WHAT THE EXERCISE ASKS ▸
Print, exactly as written, every line from the first line of the records below through the line containing "New 2026 Ford", and nothing further.

(Dataset items)
* * * * * * *
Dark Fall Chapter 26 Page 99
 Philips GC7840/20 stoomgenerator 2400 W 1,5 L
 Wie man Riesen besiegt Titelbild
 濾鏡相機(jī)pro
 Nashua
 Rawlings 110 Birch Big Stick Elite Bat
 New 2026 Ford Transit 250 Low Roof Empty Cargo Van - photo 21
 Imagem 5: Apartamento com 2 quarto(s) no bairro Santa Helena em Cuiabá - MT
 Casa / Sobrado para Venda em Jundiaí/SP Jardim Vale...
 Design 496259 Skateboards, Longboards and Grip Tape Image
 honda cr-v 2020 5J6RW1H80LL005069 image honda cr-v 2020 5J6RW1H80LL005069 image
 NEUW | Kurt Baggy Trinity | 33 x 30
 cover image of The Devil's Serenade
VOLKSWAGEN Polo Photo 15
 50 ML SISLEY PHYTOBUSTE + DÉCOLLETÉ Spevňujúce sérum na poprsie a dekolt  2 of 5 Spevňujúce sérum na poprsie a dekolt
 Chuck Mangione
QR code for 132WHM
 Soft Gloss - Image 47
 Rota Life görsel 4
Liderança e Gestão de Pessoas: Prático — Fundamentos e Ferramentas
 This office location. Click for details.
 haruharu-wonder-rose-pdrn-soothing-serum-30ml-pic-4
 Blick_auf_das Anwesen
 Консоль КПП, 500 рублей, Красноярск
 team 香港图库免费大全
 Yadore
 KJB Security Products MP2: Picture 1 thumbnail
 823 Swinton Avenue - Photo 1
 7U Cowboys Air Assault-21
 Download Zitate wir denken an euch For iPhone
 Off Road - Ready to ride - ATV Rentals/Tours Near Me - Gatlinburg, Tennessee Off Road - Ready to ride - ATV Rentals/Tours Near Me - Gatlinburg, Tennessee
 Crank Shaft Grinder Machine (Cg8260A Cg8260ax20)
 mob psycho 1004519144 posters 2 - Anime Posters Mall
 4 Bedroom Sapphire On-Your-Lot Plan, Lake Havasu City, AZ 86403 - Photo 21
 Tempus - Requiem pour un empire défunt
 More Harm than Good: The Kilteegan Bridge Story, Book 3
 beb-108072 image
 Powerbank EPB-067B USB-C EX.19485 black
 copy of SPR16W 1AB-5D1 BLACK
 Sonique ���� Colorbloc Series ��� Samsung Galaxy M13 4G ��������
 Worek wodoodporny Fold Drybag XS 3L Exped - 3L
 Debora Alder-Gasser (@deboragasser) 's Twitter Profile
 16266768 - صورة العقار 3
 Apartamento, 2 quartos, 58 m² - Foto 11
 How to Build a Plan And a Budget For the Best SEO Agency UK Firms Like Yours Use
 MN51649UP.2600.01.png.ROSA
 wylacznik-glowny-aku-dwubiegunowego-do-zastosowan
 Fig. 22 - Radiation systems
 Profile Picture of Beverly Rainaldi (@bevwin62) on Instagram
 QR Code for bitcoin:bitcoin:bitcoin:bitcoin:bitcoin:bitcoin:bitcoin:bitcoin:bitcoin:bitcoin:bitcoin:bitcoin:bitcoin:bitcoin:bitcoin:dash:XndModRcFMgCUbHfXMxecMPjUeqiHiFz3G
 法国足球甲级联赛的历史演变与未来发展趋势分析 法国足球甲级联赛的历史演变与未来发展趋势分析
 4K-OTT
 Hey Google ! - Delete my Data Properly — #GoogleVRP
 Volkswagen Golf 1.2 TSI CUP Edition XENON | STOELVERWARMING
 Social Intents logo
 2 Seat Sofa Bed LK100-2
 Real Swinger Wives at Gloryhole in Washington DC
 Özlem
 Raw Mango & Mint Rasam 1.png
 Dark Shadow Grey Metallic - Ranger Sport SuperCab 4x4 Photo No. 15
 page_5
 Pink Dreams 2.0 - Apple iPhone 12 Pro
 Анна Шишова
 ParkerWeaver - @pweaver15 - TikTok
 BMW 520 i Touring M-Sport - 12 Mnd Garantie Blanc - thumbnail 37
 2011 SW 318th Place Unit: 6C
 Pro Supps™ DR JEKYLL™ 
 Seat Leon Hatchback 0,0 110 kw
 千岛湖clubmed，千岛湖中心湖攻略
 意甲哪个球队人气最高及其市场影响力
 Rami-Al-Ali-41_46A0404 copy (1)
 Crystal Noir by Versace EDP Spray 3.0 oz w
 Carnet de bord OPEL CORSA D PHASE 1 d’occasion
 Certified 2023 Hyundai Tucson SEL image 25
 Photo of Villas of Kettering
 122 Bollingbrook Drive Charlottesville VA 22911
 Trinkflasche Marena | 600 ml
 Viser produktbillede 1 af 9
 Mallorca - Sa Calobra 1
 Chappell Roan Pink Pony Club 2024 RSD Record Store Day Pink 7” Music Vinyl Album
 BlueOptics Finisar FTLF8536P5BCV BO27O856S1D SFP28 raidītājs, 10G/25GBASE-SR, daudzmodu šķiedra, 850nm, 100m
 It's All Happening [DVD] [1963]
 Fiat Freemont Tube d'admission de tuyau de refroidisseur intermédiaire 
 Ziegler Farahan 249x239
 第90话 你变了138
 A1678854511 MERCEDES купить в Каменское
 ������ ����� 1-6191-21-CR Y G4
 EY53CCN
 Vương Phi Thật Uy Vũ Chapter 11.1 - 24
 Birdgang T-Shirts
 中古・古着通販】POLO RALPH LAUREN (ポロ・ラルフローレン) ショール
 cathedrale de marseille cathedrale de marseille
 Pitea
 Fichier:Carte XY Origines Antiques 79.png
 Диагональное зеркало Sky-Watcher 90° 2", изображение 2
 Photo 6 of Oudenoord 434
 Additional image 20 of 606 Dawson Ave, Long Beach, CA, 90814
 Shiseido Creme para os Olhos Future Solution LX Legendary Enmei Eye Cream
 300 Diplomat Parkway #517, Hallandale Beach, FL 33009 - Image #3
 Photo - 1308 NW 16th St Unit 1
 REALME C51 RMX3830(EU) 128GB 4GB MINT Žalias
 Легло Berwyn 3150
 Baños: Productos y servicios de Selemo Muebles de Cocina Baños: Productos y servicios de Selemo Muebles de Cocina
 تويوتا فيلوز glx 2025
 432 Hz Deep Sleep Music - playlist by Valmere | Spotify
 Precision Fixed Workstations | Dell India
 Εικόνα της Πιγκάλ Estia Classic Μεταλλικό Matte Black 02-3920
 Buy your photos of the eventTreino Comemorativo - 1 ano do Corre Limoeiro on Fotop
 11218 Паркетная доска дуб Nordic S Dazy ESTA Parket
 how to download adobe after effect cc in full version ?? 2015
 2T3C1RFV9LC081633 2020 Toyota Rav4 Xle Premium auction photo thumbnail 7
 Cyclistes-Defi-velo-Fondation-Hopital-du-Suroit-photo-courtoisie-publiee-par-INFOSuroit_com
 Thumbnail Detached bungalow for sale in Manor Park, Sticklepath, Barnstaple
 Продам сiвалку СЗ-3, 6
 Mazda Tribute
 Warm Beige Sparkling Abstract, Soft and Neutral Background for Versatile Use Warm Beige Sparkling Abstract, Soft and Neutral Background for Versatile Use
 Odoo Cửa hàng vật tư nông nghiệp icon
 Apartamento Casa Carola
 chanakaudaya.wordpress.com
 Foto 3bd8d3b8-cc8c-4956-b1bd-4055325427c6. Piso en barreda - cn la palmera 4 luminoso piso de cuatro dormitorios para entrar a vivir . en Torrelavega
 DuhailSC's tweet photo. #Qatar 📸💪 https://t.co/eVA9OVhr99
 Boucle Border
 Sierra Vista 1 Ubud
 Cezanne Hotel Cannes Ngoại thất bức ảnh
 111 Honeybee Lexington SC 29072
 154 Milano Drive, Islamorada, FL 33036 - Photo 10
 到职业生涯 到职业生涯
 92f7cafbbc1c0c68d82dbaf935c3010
* * * * * * *
EXERCISE ANSWER ▸
Dark Fall Chapter 26 Page 99
 Philips GC7840/20 stoomgenerator 2400 W 1,5 L
 Wie man Riesen besiegt Titelbild
 濾鏡相機(jī)pro
 Nashua
 Rawlings 110 Birch Big Stick Elite Bat
 New 2026 Ford Transit 250 Low Roof Empty Cargo Van - photo 21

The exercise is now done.